(Brief descriptive captions)
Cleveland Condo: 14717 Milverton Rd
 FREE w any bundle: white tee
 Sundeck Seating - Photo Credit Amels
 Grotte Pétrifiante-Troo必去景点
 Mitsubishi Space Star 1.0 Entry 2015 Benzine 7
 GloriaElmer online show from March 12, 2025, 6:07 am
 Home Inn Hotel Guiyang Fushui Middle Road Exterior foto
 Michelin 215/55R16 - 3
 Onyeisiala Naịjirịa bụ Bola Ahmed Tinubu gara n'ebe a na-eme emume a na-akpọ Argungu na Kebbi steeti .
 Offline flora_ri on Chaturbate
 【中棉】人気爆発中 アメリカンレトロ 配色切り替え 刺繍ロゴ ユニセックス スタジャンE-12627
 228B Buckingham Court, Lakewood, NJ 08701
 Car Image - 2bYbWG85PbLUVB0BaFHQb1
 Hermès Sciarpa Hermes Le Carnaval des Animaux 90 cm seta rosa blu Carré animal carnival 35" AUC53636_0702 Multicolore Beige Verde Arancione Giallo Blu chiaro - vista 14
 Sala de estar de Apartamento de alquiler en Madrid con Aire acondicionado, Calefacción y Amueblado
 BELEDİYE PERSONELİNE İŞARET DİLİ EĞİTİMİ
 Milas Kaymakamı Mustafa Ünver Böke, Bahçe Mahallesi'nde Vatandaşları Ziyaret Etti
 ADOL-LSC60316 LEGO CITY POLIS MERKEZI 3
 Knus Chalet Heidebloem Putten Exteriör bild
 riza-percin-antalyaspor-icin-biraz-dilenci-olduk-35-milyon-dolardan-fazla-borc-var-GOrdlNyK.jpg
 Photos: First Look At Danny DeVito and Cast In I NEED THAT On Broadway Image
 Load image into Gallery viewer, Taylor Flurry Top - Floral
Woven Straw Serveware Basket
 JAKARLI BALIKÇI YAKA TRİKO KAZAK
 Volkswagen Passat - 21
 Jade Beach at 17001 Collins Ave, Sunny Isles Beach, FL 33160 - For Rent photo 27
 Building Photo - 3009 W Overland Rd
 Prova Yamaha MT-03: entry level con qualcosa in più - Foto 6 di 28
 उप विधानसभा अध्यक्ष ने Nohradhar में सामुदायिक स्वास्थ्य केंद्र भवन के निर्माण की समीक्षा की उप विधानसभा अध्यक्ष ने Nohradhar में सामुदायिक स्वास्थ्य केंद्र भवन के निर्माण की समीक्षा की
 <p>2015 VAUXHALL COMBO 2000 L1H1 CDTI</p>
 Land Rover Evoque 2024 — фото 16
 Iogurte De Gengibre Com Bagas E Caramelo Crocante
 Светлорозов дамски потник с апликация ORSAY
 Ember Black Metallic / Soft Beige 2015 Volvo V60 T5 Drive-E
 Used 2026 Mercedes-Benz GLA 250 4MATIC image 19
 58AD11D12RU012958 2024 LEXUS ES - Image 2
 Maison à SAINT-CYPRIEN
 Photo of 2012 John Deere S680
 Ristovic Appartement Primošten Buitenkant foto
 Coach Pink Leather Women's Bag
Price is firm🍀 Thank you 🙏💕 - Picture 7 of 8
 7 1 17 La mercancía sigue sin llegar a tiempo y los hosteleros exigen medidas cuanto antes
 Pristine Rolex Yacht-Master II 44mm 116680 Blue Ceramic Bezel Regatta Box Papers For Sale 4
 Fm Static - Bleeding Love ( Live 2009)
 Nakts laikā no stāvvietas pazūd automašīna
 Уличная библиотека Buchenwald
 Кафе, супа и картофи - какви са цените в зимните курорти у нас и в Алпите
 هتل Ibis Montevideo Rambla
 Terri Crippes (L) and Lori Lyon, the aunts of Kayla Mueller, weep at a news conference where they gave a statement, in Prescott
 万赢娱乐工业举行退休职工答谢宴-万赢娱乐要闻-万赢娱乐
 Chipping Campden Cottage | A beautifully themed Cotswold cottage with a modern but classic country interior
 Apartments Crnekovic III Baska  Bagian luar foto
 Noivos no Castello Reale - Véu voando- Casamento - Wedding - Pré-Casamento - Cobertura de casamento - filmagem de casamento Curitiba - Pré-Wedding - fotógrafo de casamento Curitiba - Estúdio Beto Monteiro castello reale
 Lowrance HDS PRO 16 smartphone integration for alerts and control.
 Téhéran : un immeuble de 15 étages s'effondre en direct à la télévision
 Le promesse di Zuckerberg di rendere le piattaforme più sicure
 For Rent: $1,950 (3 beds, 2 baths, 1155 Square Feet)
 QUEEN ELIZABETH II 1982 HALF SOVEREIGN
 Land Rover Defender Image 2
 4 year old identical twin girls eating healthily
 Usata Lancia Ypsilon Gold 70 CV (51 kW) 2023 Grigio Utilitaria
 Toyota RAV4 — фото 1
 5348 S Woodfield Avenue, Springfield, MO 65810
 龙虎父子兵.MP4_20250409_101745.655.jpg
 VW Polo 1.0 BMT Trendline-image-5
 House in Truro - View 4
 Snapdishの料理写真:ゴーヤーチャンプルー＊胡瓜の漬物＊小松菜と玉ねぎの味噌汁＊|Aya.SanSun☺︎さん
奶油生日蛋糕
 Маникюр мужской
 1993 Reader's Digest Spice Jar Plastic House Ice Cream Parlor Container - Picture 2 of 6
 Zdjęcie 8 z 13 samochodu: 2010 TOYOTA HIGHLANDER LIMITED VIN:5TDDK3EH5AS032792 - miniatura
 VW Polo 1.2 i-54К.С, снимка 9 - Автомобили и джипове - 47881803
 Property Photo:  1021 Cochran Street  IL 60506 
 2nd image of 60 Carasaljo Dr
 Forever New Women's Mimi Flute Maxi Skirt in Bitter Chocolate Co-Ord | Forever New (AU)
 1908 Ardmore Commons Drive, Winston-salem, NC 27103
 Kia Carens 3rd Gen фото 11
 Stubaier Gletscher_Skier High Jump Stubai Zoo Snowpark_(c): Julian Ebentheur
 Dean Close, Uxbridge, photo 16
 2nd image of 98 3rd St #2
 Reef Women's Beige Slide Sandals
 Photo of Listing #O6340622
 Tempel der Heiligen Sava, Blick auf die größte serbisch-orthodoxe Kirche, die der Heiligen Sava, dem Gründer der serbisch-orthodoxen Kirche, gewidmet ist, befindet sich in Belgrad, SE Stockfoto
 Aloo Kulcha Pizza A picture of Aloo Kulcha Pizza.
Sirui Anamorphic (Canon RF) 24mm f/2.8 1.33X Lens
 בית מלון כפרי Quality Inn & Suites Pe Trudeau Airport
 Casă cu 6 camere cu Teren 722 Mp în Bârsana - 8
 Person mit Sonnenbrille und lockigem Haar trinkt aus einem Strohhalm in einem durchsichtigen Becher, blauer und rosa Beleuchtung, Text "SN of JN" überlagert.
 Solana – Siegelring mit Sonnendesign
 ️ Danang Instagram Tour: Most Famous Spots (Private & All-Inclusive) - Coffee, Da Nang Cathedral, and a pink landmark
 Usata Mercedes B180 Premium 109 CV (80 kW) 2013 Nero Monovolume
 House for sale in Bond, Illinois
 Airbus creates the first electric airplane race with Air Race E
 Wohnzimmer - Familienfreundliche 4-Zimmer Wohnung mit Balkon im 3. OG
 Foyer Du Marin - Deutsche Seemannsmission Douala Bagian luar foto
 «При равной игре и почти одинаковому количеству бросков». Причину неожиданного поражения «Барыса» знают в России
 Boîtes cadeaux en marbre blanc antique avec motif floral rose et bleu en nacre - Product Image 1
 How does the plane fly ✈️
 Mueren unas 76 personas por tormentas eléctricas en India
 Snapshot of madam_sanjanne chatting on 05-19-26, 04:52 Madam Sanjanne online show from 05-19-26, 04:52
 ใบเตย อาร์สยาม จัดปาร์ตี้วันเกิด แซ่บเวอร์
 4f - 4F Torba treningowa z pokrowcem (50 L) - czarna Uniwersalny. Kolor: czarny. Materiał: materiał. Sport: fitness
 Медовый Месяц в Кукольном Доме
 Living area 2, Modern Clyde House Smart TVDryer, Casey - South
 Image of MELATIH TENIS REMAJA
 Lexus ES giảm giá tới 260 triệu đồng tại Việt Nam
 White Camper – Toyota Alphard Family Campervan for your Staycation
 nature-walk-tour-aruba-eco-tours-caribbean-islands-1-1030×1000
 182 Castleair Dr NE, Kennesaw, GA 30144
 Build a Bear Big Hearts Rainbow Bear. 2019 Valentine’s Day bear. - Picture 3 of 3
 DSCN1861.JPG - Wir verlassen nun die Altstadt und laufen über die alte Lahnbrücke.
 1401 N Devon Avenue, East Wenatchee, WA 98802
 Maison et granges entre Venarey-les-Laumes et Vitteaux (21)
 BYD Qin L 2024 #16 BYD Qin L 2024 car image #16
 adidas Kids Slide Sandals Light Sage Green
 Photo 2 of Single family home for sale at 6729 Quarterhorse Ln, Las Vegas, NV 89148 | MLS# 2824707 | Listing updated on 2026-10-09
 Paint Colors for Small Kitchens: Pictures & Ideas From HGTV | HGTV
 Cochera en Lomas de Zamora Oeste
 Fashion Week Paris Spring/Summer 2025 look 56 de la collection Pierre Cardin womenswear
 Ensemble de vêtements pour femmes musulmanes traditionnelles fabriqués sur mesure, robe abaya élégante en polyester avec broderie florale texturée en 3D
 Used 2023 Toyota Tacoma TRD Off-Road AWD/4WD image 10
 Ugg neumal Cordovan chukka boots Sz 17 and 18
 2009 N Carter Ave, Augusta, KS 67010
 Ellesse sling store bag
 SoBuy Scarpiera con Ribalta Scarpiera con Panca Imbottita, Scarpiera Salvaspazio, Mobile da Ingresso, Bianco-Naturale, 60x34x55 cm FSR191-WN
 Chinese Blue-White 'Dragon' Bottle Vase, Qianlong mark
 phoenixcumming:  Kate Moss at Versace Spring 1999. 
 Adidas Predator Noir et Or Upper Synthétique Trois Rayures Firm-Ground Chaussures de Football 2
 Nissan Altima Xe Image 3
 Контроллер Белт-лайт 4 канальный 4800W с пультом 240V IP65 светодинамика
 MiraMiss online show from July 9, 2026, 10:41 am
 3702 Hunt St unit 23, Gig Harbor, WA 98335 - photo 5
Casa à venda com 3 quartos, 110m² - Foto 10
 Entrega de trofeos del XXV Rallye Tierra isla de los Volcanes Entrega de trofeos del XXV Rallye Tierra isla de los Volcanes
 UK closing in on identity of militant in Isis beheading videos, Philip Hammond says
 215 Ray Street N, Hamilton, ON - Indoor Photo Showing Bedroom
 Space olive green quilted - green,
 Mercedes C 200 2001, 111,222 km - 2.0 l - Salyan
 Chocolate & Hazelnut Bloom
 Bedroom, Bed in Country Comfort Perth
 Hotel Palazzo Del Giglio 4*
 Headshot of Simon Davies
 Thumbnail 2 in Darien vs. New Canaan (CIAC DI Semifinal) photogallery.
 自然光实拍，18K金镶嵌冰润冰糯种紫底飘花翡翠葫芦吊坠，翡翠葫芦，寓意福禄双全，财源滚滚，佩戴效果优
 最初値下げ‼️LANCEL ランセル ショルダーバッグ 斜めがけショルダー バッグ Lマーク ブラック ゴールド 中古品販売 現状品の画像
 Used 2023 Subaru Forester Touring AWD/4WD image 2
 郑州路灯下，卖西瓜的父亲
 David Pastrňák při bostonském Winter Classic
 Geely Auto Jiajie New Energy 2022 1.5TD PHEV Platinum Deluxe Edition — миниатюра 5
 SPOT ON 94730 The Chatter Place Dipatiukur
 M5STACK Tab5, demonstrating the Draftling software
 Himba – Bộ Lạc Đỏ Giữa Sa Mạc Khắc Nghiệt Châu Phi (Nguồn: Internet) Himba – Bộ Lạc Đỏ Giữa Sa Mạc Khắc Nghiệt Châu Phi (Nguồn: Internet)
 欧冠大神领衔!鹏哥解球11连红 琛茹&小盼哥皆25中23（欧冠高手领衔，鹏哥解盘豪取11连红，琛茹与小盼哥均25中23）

▶ **EXERCISE DESCRIPTION**
Extract, please, the lines from the start of the entries above through the one with "Светлорозов дамски потник с апликация ORSAY", both included, reproducing each exactly and adding nothing.

▶ **RESULT OF THE EXERCISE**
Cleveland Condo: 14717 Milverton Rd
 FREE w any bundle: white tee
 Sundeck Seating - Photo Credit Amels
 Grotte Pétrifiante-Troo必去景点
 Mitsubishi Space Star 1.0 Entry 2015 Benzine 7
 GloriaElmer online show from March 12, 2025, 6:07 am
 Home Inn Hotel Guiyang Fushui Middle Road Exterior foto
 Michelin 215/55R16 - 3
 Onyeisiala Naịjirịa bụ Bola Ahmed Tinubu gara n'ebe a na-eme emume a na-akpọ Argungu na Kebbi steeti .
 Offline flora_ri on Chaturbate
 【中棉】人気爆発中 アメリカンレトロ 配色切り替え 刺繍ロゴ ユニセックス スタジャンE-12627
 228B Buckingham Court, Lakewood, NJ 08701
 Car Image - 2bYbWG85PbLUVB0BaFHQb1
 Hermès Sciarpa Hermes Le Carnaval des Animaux 90 cm seta rosa blu Carré animal carnival 35" AUC53636_0702 Multicolore Beige Verde Arancione Giallo Blu chiaro - vista 14
 Sala de estar de Apartamento de alquiler en Madrid con Aire acondicionado, Calefacción y Amueblado
 BELEDİYE PERSONELİNE İŞARET DİLİ EĞİTİMİ
 Milas Kaymakamı Mustafa Ünver Böke, Bahçe Mahallesi'nde Vatandaşları Ziyaret Etti
 ADOL-LSC60316 LEGO CITY POLIS MERKEZI 3
 Knus Chalet Heidebloem Putten Exteriör bild
 riza-percin-antalyaspor-icin-biraz-dilenci-olduk-35-milyon-dolardan-fazla-borc-var-GOrdlNyK.jpg
 Photos: First Look At Danny DeVito and Cast In I NEED THAT On Broadway Image
 Load image into Gallery viewer, Taylor Flurry Top - Floral
Woven Straw Serveware Basket
 JAKARLI BALIKÇI YAKA TRİKO KAZAK
 Volkswagen Passat - 21
 Jade Beach at 17001 Collins Ave, Sunny Isles Beach, FL 33160 - For Rent photo 27
 Building Photo - 3009 W Overland Rd
 Prova Yamaha MT-03: entry level con qualcosa in più - Foto 6 di 28
 उप विधानसभा अध्यक्ष ने Nohradhar में सामुदायिक स्वास्थ्य केंद्र भवन के निर्माण की समीक्षा की उप विधानसभा अध्यक्ष ने Nohradhar में सामुदायिक स्वास्थ्य केंद्र भवन के निर्माण की समीक्षा की
 <p>2015 VAUXHALL COMBO 2000 L1H1 CDTI</p>
 Land Rover Evoque 2024 — фото 16
 Iogurte De Gengibre Com Bagas E Caramelo Crocante
 Светлорозов дамски потник с апликация ORSAY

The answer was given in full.